*Task*
Every line from the first record below down to the line that includes "Aangepaste zweefboot Nautical" must be reproduced exactly; the pictures are not.

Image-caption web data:
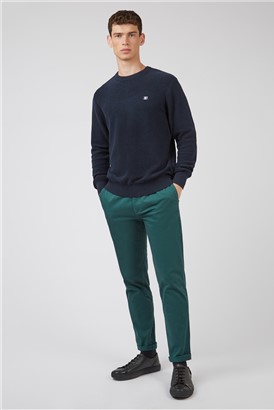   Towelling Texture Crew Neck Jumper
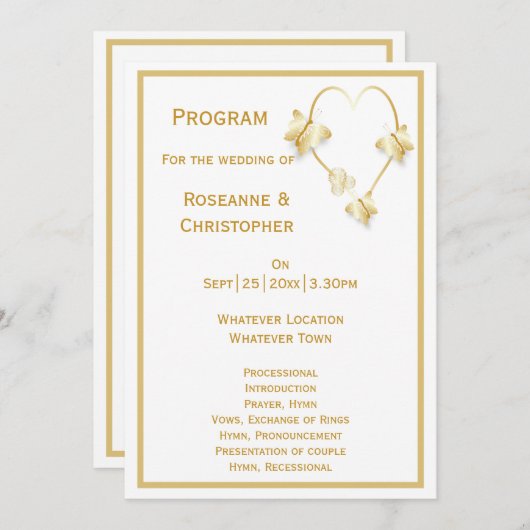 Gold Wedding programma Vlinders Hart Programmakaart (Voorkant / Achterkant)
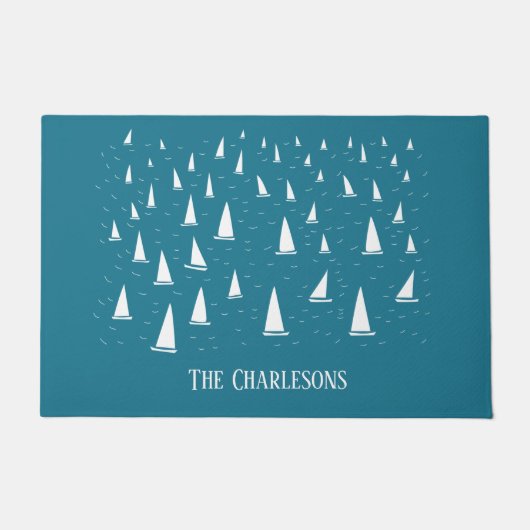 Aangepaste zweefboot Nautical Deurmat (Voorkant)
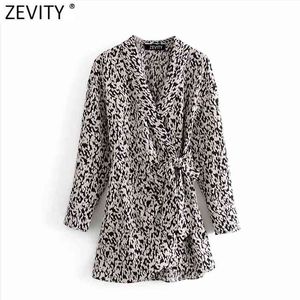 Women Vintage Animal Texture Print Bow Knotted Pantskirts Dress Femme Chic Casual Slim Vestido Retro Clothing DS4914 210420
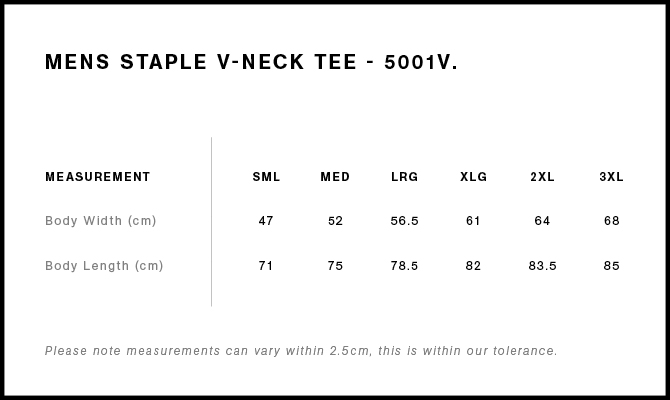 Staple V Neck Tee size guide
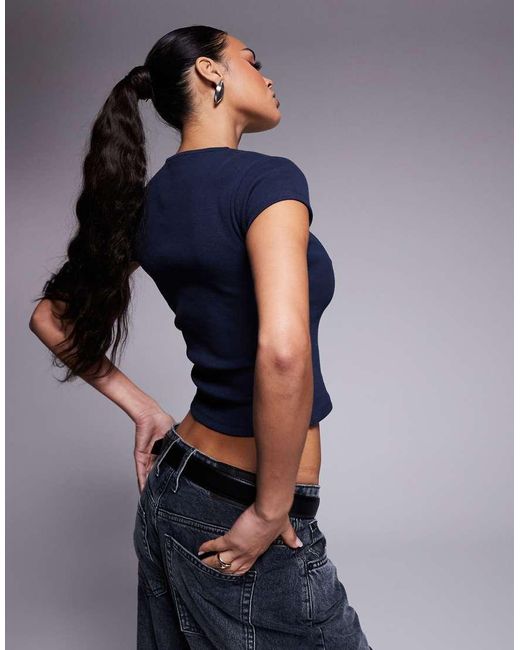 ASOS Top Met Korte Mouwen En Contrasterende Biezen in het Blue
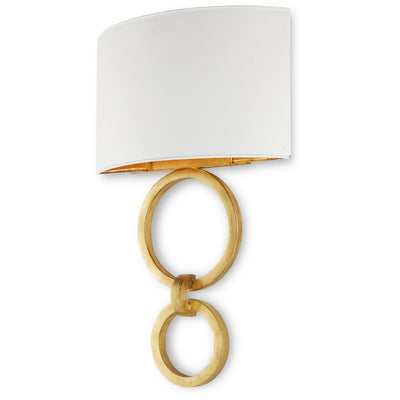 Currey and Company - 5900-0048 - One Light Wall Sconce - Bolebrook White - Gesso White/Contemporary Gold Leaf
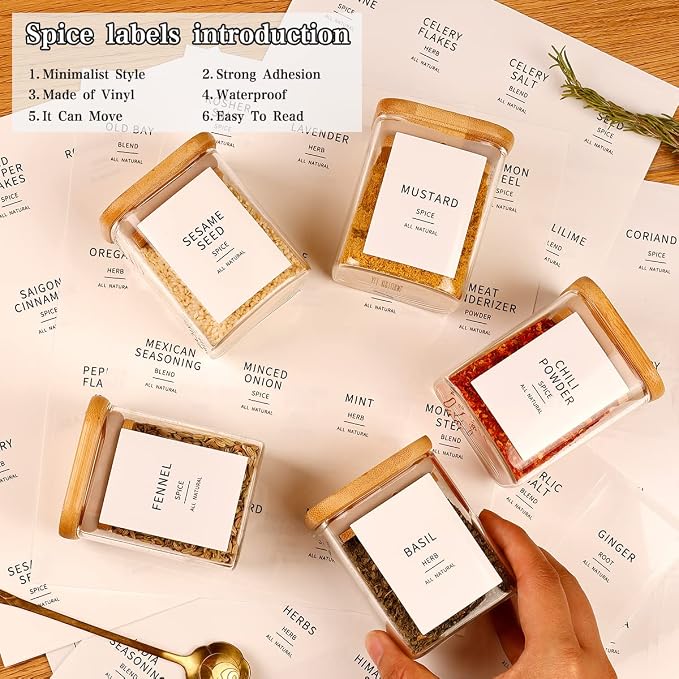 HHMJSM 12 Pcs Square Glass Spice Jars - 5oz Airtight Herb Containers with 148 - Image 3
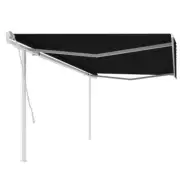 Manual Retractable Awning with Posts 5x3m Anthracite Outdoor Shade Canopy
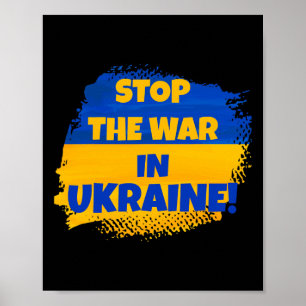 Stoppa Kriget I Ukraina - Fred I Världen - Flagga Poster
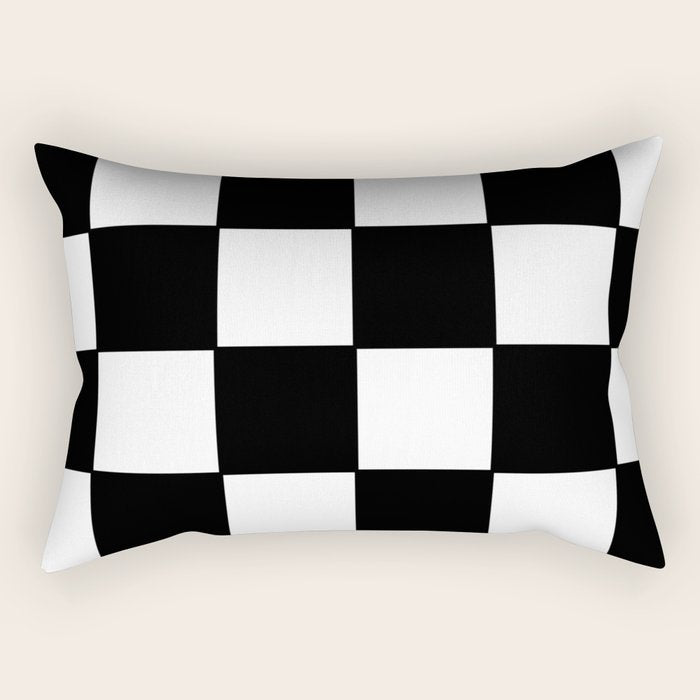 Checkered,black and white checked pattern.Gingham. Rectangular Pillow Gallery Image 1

*Response below*
   Towelling Texture Crew Neck Jumper
 Gold Wedding programma Vlinders Hart Programmakaart (Voorkant / Achterkant)
 Aangepaste zweefboot Nautical Deurmat (Voorkant)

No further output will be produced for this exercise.